Gupta previously tried to appeal his conviction on the basis that he did not receive any benefit from Rajaratnam, but this appeal was denied by U.S. District Judge Jed Rakoff and the appeals court in December 2015 did not overturn him.
But in light of the Newman insider trading conviction that was overturned by the U.S. Court of Appeals for the Second Circuit, Gupta might have another chance at restoring his reputation and dignity.
In United States v. Newman, hedge fund managers Todd Newman and Anthony Chiasson were convicted of trading on insider information in a case led by Wall Street-crusading U.S. Attorney for the Southern District of New York Preet Bharara. But in December 2014, the Court of Appeals for the Second Circuit overturned their conviction on the basis that neither Newman nor Chiasson knew that the tipper was receiving any personal benefit. The Appeals Court interpreted a 1983 Supreme Court ruling that said that insider trading could only be prosecuted if the tipper received a personal benefit, like money, other than just maintaining a friendship.

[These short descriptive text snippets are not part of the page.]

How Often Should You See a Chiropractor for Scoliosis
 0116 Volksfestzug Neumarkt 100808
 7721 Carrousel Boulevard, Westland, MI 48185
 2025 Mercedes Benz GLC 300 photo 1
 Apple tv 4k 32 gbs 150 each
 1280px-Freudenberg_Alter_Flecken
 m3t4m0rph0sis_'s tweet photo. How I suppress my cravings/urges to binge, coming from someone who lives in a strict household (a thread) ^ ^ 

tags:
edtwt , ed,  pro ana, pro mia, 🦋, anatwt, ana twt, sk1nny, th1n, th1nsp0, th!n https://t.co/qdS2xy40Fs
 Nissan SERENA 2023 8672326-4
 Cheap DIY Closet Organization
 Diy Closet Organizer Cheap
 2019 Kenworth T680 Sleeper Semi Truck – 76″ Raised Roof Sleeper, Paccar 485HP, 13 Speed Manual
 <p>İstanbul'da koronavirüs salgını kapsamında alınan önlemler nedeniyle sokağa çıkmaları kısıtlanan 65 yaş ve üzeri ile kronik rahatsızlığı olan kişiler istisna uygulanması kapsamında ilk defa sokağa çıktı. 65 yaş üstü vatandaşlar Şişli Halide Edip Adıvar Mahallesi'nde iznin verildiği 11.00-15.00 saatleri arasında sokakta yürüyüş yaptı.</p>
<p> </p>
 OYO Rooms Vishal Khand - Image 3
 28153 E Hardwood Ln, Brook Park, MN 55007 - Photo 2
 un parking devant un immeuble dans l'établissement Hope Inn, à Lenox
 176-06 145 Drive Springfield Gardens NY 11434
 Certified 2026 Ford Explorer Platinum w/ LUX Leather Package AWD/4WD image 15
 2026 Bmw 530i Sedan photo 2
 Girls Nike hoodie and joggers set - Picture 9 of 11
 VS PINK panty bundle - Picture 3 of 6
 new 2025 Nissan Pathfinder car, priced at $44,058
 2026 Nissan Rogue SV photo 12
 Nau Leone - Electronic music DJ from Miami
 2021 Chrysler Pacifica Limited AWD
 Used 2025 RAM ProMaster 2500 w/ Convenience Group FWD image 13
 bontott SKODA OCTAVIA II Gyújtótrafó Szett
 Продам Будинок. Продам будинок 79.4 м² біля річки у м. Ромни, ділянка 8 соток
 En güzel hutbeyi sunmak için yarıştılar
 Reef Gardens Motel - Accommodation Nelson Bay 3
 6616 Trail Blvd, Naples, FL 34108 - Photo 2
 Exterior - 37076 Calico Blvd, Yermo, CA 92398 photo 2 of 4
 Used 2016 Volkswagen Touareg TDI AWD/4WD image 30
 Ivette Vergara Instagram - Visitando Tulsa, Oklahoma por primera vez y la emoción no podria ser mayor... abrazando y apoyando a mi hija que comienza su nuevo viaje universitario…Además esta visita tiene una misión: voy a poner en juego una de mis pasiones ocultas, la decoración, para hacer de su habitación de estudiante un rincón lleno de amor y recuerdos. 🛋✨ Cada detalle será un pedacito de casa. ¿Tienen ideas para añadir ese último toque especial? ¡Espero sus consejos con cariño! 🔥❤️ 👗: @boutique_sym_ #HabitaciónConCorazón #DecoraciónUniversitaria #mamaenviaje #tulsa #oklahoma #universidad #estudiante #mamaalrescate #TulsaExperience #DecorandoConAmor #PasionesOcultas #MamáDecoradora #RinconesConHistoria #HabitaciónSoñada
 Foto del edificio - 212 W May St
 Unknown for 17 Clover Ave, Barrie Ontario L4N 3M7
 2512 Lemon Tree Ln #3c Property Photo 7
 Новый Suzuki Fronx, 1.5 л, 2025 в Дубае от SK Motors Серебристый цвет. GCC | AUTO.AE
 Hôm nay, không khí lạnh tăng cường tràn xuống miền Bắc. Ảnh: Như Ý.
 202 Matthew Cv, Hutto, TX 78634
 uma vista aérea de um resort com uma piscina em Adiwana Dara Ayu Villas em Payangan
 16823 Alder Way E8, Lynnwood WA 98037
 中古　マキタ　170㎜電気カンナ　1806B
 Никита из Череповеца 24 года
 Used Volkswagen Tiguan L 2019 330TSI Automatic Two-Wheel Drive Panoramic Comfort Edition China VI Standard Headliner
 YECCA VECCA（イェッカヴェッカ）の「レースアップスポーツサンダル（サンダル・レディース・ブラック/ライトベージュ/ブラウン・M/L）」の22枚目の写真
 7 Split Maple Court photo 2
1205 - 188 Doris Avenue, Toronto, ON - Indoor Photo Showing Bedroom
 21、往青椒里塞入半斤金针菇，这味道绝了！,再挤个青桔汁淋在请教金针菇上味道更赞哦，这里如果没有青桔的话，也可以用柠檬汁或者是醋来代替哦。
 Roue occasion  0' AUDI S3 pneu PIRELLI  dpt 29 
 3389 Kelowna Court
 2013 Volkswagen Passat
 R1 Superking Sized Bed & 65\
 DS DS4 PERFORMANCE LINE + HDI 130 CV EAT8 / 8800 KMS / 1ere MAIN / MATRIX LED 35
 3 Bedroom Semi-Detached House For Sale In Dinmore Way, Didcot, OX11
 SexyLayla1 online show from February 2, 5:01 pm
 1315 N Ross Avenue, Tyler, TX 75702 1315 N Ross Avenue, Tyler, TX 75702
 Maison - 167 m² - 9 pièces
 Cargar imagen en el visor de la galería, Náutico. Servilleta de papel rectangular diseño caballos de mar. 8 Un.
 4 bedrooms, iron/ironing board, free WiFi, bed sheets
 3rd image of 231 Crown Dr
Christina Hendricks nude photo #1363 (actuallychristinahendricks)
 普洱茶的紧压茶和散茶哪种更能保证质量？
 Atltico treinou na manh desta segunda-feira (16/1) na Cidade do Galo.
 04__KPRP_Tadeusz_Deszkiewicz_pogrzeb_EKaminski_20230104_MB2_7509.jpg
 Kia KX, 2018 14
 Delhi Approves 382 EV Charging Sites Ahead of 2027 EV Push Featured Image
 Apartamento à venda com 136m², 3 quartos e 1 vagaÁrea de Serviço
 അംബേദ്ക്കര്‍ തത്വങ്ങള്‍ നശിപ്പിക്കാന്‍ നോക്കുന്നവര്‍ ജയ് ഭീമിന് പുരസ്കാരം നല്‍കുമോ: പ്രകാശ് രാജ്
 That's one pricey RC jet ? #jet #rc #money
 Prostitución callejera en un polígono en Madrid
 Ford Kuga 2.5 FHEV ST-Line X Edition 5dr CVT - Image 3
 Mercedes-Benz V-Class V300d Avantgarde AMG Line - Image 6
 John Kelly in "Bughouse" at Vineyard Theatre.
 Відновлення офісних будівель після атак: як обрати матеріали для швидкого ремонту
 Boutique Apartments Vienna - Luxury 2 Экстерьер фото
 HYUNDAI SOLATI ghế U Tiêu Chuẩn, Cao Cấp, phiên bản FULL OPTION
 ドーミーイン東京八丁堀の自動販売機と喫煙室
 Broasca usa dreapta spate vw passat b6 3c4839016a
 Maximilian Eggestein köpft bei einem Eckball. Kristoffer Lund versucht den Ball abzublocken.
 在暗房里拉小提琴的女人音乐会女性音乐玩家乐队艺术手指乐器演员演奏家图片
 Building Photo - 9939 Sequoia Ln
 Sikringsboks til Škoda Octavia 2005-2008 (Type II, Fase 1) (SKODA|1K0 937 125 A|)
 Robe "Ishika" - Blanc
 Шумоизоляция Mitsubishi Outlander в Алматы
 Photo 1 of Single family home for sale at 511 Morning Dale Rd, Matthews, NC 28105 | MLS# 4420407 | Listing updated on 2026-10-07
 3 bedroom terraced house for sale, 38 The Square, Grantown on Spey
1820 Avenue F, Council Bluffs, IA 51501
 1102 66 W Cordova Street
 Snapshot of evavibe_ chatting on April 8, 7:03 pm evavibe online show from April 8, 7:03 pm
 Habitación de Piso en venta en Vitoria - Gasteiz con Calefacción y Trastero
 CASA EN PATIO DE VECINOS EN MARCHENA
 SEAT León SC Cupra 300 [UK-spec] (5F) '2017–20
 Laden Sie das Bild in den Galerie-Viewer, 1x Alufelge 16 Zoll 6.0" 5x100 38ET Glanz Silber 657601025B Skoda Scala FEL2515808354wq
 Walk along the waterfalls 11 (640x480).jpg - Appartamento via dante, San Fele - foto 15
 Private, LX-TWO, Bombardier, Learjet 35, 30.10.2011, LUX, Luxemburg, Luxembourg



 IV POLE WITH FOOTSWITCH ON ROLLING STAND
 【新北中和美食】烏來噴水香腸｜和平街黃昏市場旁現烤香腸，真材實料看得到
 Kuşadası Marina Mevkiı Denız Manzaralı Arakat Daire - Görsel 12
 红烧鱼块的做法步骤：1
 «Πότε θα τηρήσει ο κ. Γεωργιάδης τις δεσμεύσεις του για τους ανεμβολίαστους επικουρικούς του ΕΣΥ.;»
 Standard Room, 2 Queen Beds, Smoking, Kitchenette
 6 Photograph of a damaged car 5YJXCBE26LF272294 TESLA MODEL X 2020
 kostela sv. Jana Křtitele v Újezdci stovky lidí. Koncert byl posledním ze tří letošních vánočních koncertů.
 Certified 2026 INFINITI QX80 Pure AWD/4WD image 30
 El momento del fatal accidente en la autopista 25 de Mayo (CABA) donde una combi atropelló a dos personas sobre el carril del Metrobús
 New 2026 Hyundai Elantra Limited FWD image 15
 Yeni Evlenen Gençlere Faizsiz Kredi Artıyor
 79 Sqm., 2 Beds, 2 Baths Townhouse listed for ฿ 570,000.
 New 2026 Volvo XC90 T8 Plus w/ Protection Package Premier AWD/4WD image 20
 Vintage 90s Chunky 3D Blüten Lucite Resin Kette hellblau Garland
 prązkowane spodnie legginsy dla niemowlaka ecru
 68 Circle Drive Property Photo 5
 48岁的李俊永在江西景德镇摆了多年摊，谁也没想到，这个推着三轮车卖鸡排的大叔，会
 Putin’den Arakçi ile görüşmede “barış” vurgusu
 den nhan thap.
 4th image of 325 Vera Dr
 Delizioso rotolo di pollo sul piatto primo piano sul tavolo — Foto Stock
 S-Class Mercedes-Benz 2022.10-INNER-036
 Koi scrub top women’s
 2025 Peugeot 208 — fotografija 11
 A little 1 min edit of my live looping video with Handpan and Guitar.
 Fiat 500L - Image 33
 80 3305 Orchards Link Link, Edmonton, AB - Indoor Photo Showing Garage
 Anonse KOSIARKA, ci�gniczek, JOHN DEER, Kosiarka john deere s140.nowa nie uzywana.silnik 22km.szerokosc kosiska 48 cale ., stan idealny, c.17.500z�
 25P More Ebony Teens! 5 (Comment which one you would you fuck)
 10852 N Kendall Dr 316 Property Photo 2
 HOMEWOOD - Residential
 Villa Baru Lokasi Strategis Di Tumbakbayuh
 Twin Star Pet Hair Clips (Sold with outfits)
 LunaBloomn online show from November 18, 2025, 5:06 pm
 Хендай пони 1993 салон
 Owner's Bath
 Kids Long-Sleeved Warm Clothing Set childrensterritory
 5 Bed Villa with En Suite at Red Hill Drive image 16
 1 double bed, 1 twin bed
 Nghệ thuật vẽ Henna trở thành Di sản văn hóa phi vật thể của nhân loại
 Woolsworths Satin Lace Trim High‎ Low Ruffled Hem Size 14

Gary Naftalis, Gupta’s lawyer, successfully argued to the Appeals Court that Gupta did not receive any tangible benefit from Rajaratnam, other than nurturing a friendship.
The consequences of overturning Gupta’s conviction could be monumental for the future of insider trading cases. “People tend to be very suspicious of Wall Street and insiders and this case has that front and center. By the nature of the defendant, there will be a lot of eyes on this case” says Lathrop Nelson, a partner in the white collar and government investigations unit at Montgomery McCracken.
However, if the Appeals Court rules in Gupta’s favor, Nelson says that this won’t necessarily be a death nail for insider trading cases particularly for those that can prove that tippers receive a tangible benefit. And if SCOTUS goes against the Appeals Court and concludes that prosecutors do not need to prove a tangible benefit in order to prosecute for insider trading, then the success of Newman and the potential overturning of Gupta’s case might be short lived.
According to Nelson though, Gupta has a good shot at winning his appeal especially after the Newman overruling and that the Supreme Court has agreed to hear an insider trading case involving trades that Bassam Salman made based on mergers between clients of Citigroup (NYSE:C), where his brother-in-law worked. Bassam’s lawyers have argued that his brother-in-law Maher Kara did not receive any tangible benefit in exchange for tips.
If Gupta’s conviction is overruled though, reputation wise, he will have quite a ways to go. “A court overturning his conviction will not restore his reputation overnight but it’s an important first step. Depending on what the court says in its ruling, Gupta may need to do more to rebuild it” says Jon Haber, President of Cascade Strategy, a communications consultancy, and former special counsel in President Bill Clinton's administration.